The surgeon makes the incision in front of the hip (about four inches long), starting at the front of the pelvic bone (iliac crest) and extending down toward the top of the thigh. This enables the surgeon to access the hip joint by spreading the muscles aside, rather than cutting them.
The femoral neck is then cut and the femoral head is removed from the acetabulum (the socket). The damaged cartilage surface of the socket is removed and replaced with a metal socket. Screws or cement are sometimes used to hold the socket in place. A liner made of either plastic, ceramic, or metal is inserted into the socket, creating a smooth gliding surface for the hip joint.
The damaged femoral head (ball) is removed and replaced with a metal stem that is placed into the prepared hollow center of the femur. The femoral stem may be either cemented or “press fit” into the bone.
Lastly, a metal or ceramic ball is the placed onto the upper part of the stem, replacing the damaged femoral head that was removed earlier in the procedure.
The surgeon will remove the instruments and depending on the individual, a drain may be inserted to help with possible swelling. The incision is then closed with sutures and covered with a sterile dressing.
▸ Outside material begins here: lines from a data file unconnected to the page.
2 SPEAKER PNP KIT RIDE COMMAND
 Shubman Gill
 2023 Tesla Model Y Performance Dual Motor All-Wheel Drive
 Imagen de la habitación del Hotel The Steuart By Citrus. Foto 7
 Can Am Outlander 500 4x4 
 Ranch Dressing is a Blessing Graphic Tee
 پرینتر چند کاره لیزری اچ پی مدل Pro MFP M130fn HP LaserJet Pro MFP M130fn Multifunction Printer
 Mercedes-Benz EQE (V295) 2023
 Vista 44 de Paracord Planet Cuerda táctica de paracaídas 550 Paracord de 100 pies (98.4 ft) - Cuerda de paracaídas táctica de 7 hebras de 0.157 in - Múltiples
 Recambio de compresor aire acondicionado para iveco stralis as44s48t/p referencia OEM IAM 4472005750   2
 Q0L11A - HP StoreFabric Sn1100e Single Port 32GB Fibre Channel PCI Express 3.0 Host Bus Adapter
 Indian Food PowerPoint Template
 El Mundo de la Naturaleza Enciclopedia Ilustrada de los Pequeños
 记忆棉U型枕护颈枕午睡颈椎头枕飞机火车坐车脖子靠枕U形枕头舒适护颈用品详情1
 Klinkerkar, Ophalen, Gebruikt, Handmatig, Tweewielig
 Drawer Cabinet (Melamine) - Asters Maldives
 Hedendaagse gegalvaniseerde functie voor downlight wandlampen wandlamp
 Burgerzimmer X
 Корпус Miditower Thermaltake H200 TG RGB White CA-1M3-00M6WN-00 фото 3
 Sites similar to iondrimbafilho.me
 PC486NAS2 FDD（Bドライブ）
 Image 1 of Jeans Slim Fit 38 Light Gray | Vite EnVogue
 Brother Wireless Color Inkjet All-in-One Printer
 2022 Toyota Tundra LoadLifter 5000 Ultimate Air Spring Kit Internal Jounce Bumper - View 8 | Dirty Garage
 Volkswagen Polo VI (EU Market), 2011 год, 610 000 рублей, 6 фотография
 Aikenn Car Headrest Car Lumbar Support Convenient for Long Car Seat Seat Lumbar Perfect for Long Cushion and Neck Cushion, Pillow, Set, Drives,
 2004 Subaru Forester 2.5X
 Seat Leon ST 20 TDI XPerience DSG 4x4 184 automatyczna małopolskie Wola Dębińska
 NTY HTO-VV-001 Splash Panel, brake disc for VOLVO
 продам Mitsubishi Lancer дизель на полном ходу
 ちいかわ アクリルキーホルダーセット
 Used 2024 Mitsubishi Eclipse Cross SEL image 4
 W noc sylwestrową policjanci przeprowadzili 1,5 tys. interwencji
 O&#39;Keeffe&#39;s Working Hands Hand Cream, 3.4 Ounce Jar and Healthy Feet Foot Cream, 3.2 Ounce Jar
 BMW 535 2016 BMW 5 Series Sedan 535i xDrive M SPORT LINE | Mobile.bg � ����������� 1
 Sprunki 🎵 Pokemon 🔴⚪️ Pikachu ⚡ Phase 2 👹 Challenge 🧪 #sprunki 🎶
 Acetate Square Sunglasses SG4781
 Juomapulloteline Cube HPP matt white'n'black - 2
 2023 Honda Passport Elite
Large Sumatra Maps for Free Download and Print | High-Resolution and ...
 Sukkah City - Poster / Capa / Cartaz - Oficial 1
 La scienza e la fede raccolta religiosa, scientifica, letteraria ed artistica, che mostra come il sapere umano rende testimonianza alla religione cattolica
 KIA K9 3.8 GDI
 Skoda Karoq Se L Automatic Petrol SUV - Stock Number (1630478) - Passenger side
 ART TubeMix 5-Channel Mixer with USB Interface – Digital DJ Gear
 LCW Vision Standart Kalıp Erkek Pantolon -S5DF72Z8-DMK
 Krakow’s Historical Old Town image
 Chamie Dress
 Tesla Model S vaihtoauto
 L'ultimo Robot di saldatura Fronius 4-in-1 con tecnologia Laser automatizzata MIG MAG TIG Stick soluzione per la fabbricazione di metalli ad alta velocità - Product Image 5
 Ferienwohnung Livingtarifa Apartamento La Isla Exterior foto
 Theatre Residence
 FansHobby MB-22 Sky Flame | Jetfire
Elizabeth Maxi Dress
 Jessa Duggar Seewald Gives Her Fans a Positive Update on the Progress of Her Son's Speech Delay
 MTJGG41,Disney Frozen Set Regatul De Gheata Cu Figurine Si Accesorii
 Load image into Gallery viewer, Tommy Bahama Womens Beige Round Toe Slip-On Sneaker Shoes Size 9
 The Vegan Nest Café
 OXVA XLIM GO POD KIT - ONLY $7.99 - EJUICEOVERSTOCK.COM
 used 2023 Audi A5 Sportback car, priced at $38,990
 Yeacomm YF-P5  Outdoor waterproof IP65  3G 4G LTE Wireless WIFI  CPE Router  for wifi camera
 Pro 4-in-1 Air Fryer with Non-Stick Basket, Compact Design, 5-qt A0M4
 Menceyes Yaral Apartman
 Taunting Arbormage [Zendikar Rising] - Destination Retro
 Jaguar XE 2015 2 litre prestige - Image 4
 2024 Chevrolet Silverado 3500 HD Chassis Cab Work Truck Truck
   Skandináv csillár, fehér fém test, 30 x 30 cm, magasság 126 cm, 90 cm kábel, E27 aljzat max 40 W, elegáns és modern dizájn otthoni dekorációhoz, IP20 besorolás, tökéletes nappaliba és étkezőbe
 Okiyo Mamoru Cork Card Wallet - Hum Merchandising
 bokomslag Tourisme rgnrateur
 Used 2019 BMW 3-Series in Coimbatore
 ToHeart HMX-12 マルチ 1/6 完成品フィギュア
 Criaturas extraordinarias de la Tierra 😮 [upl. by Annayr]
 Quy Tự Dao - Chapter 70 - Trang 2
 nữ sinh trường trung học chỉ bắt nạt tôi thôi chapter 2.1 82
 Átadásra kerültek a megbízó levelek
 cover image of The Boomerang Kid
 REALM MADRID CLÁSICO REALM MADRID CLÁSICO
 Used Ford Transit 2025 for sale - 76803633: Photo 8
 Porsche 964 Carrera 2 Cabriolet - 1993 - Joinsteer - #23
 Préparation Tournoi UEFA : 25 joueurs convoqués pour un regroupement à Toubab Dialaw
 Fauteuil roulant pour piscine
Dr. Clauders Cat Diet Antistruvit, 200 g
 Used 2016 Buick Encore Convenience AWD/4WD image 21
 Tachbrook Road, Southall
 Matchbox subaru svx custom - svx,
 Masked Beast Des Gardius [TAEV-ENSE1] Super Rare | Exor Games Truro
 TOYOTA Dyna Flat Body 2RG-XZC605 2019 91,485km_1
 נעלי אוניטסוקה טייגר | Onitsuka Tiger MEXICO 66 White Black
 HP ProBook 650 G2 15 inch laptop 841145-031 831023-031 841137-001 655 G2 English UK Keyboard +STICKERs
Who Is a Candidate for Anterior Hip Replacement Surgery?
Dr. Jamieson has done anterior hip replacements on patients age ranging from mid 30’s to mid 90’s. Patients who suffer from hip pain that limits their daily activities, such as walking, climbing stairs, or getting in and out of a car, or stiffness that limits movement of the leg, may benefit from anterior hip replacement surgery. Inadequate pain relief from anti-inflammatory drugs, physical therapy, or walking supports may also qualify as a candidate. This type of surgery is typically recommended for, but not limited to, patients with osteoarthritis, rheumatoid arthritis, avascular necrosis, or hip fractures.
The Benefits of Anterior Hip Replacement Surgery Over Traditional Hip Replacement Surgery
Anterior hip replacement surgery has many potential benefits when compared to other hip replacement approaches. Traditional hip replacement approaches involves cutting through muscles and tendons to reach the hip joint, which can often lead to a more painful and longer recovery. With anterior hip replacement surgery, the muscles and tendons are not cut, but rather the surgeon uses the natural separation of the muscles to expose the joint. This allows the integrity of the hip muscles to stay in place, supporting the newly reconstructed hip joint and decreasing potential risks of dislocations.
The benefits of an anterior approach can result in less pain, quicker healing and quicker return to daily activities.
What to Expect During and After Anterior Hip Replacement Surgery
An anterior hip replacement surgery is typically rather quick, only taking about one to two hours to complete.
During the surgery, you will be given a spinal or general anesthesia to keep you asleep and pain-free. After the surgery is complete, you will be taken to a recovery room where you will be monitored until your blood pressure, heart rate, and breathing are stable. Provided there are no complications, and depending on your mobility, you will likely be sent home the same day. Some patients will be sent home the following day.
Some pain and discomfort is common after surgery and can be managed with pain medication. Patients who follow their surgeon’s post-operative guidelines may very likely return to their normal activities, including driving, within four to six weeks after surgery.